> **WORKING DATA**
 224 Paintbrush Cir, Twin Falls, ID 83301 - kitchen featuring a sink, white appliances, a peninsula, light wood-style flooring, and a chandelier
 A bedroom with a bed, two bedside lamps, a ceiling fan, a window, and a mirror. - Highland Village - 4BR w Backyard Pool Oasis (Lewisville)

...

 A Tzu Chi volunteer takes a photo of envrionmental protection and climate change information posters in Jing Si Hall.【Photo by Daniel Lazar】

--

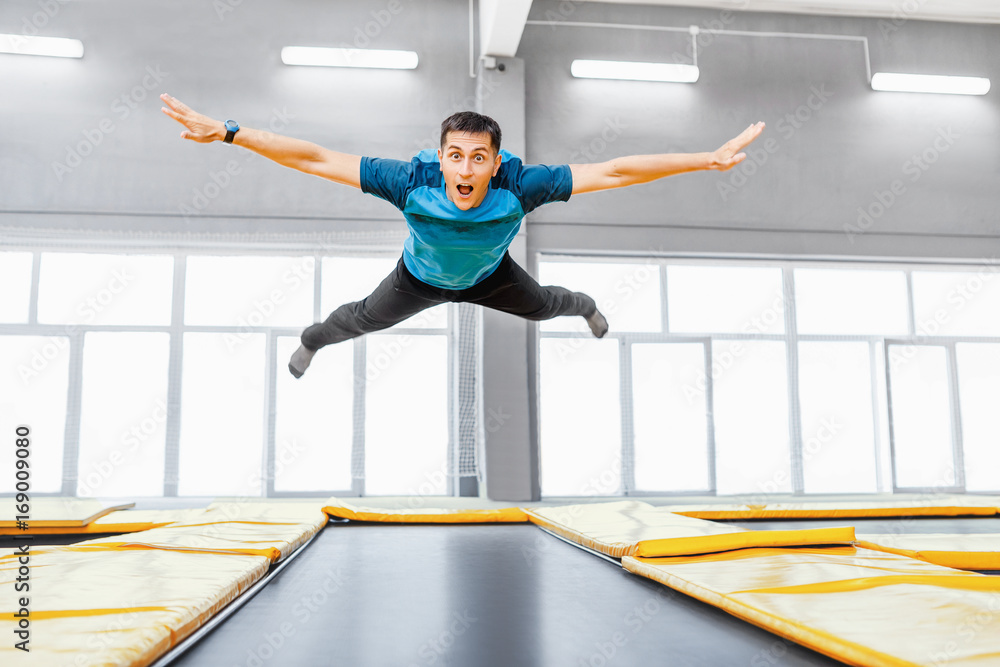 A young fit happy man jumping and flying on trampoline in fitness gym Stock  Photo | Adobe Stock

> **YOUR GOAL**
Transcribe the records above from the line holding "224 Paintbrush Cir, Twin" down to the line holding "A bedroom with", inclusive, without adding anything.

> **SOLUTION BELOW**
 224 Paintbrush Cir, Twin Falls, ID 83301 - kitchen featuring a sink, white appliances, a peninsula, light wood-style flooring, and a chandelier
 A bedroom with a bed, two bedside lamps, a ceiling fan, a window, and a mirror. - Highland Village - 4BR w Backyard Pool Oasis (Lewisville)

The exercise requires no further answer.